* Assignment
Look below for the line containing "舟山容妍医疗美容门诊部-医院LOGO", then write out that line and every line after it to the end, exactly, minus the pictures.

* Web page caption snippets
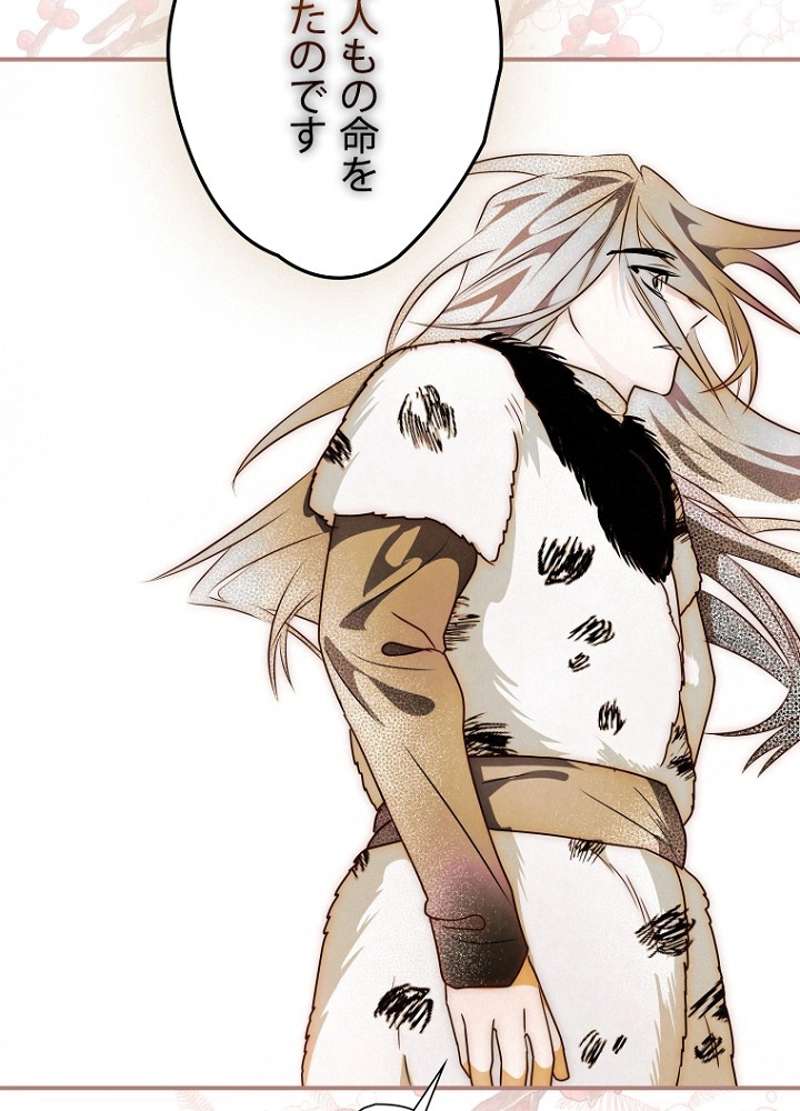P69
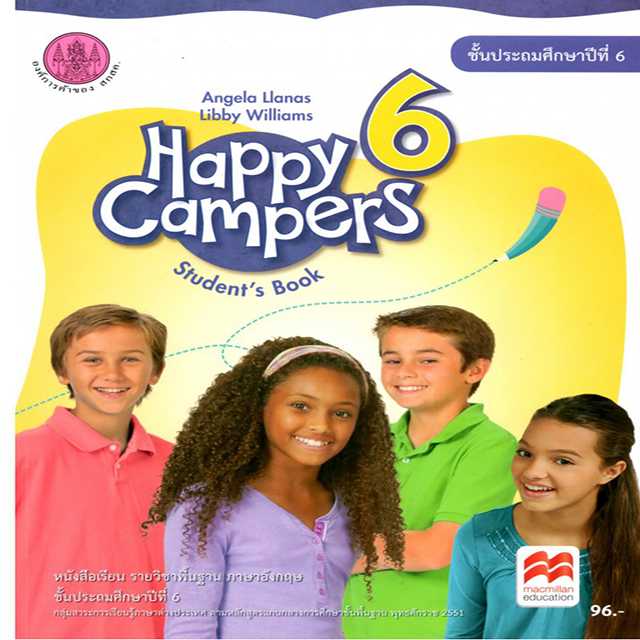 หนังสือเรียน Happy Campers 6 ป.6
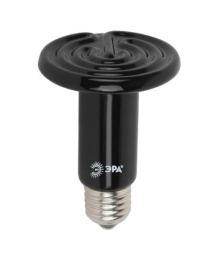 Лампа накаливания инфракрасная керамическая CeramiHeat модель RX 100Вт 220-240В Е27 для брудера, рептилий, в упаковке Эра FITO-100W-НQ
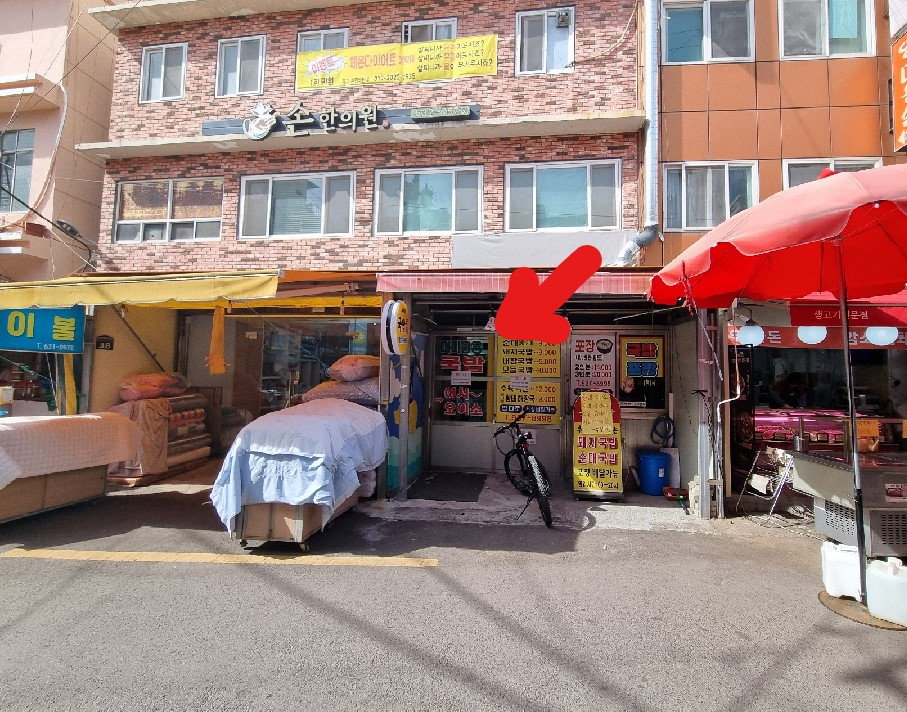 상가 · 범천동 사진 2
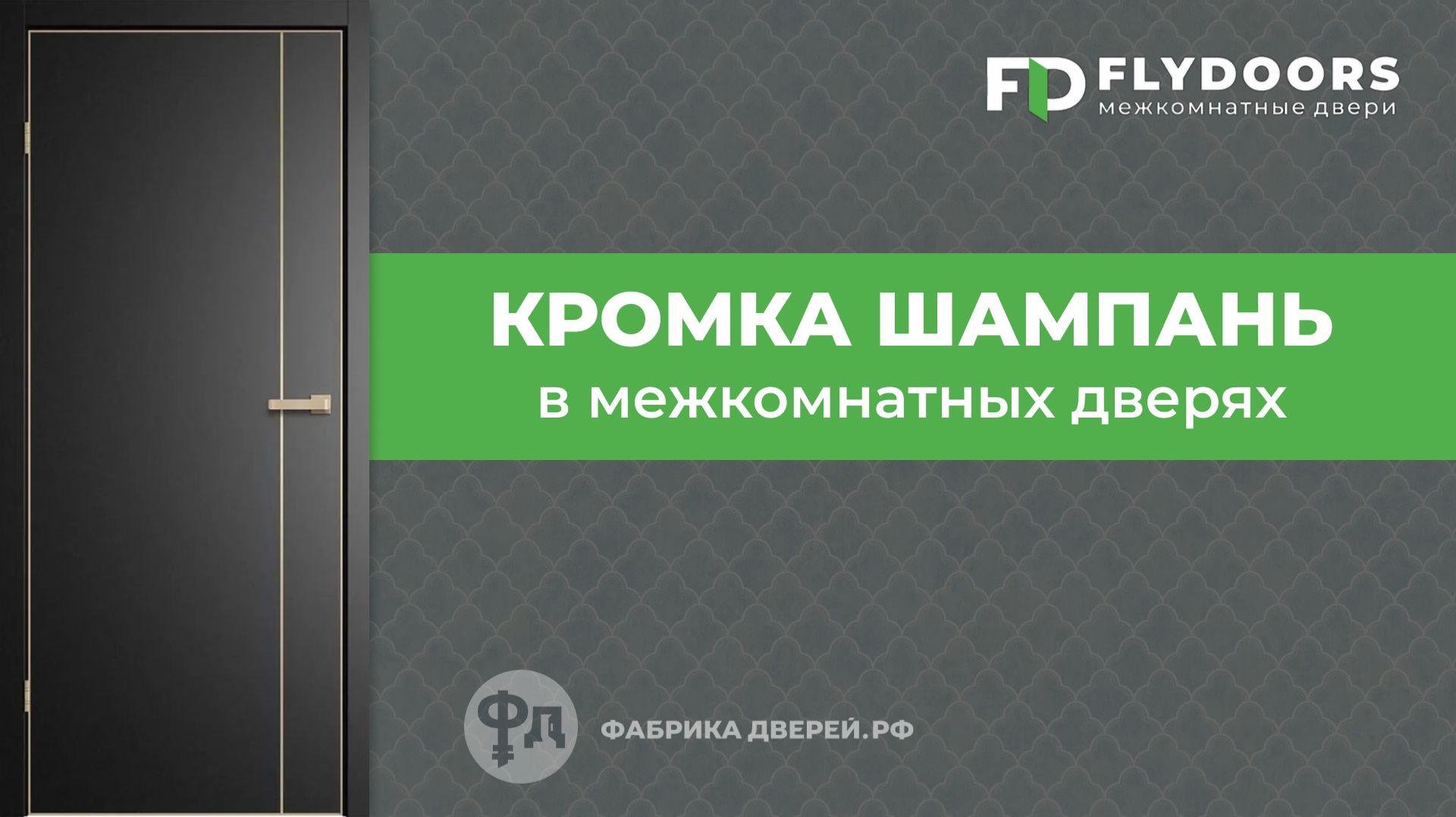 Алюминиевая кромка цвета Шампань. Стильный и практичный элемент межкомнатных дверей FlyDoors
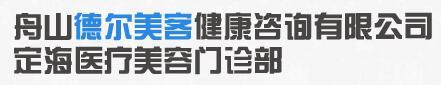 舟山容妍医疗美容门诊部-医院LOGO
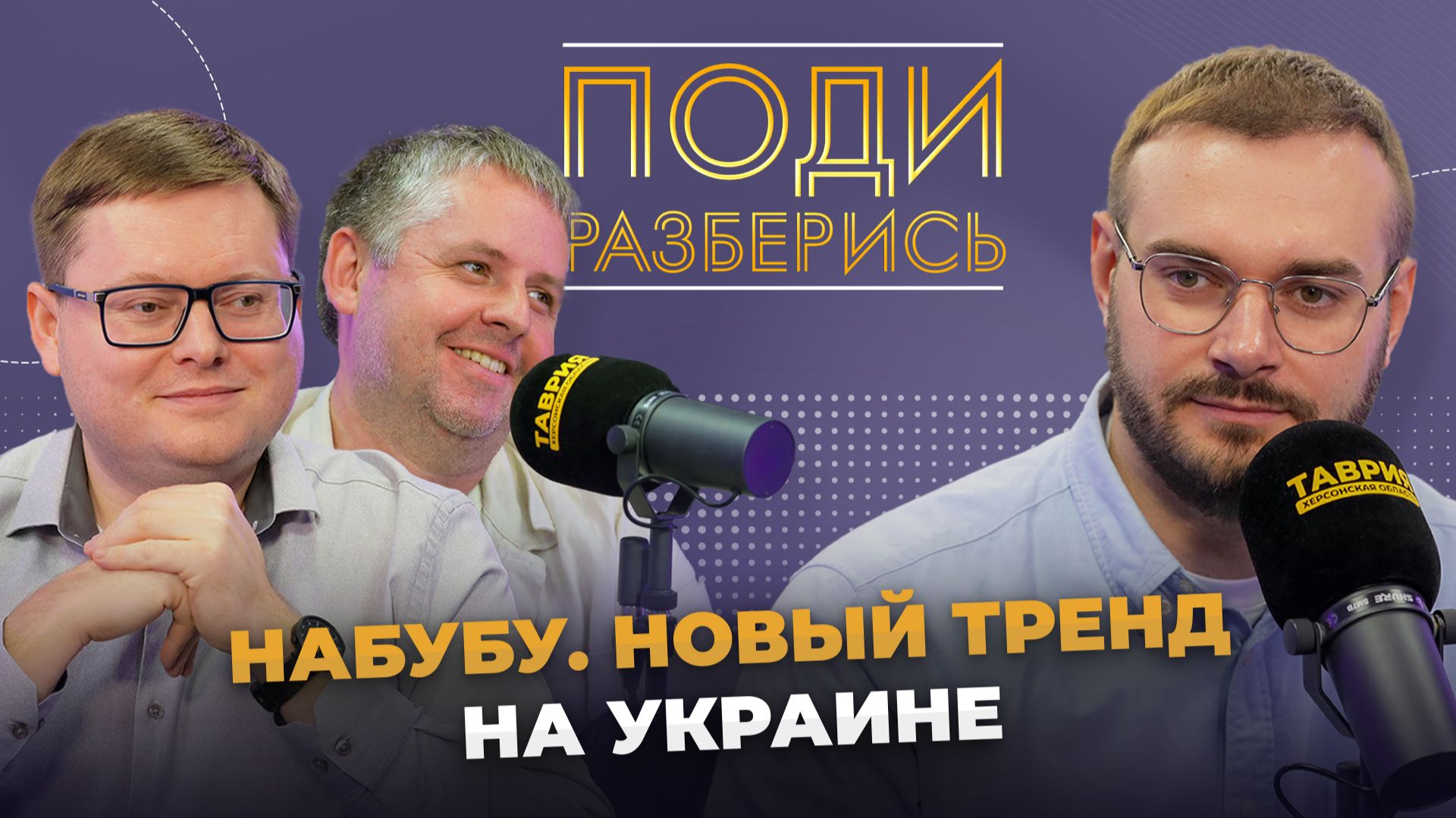 Поди разберись: к чему приведет коррупционный скандал на Украине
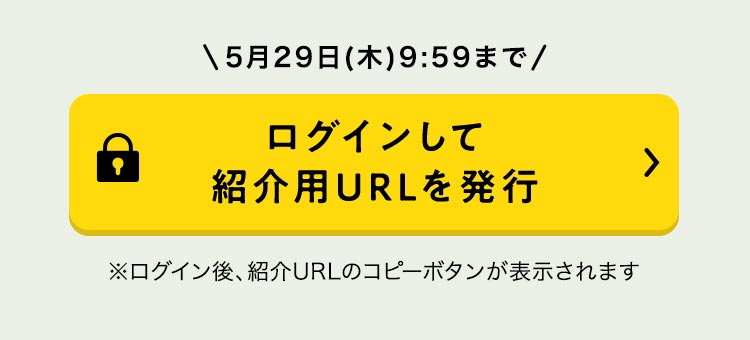 ログインしてください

* Solved problem
 舟山容妍医疗美容门诊部-医院LOGO
 Поди разберись: к чему приведет коррупционный скандал на Украине
 ログインしてください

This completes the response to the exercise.